Semua orang yang disitu pun tertawa bersama-sama,
menikmati kopi yang telah disodorkan kepada kami sejak beberapa menit yang
lalu. Bersamaan kopi dengan sakcepet rokok modal kami yang menemani malam ini
dengan penuh filosofi hidup kampung Suropati cendekiwasuto.
“Hei ndukk, sampe kapan kowe terus
membujang? umur udah mateng toh? tunggu apalgi kowe nduk? kasian toh Anthea
nunggu kowe ngelamarnya.” kata mbok jah yang sedikit jengkel dengan jalan
pikiran Ardhan.
“Gini mbok, ardhan masih malu tuh sama
orang tua Anthea kalo mau ngajak nikah anaknya. kan mbok jah tau sendiri toh
kalo Anthea itu anak konglomerat milyader dikampung kito kan.” kata sholeh
laki-laki rantau dari padang.
“Yoi, broo kasian amat nih temen gue,
haahaha” kata mamat dengan nada menggelitik.
“Maaf mbok, aku ini masih sayang sama
Anthea dan dia pun juga sama, namun karena keadaan orang tua ia pun harus
mengakhiri hubungan kita.
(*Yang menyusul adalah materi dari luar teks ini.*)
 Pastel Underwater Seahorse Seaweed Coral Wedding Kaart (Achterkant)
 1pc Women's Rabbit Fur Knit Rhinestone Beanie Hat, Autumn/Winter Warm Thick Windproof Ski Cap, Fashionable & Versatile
Zaman sekarang, kalo belum mapan, orang tua bakal
ngelarang kita untuk nikahin anaknya dia toh!” kata ardhan dengan menghela
nafas yang panjang.
“Lah ngeh toh mbokk, zaman saiki semua
e harus berduit, orang lemah maupun orang bodoh pun yaa biso apo mbok?” ucap
sholeh yang mencoba memberi pengertian ke mbok jah.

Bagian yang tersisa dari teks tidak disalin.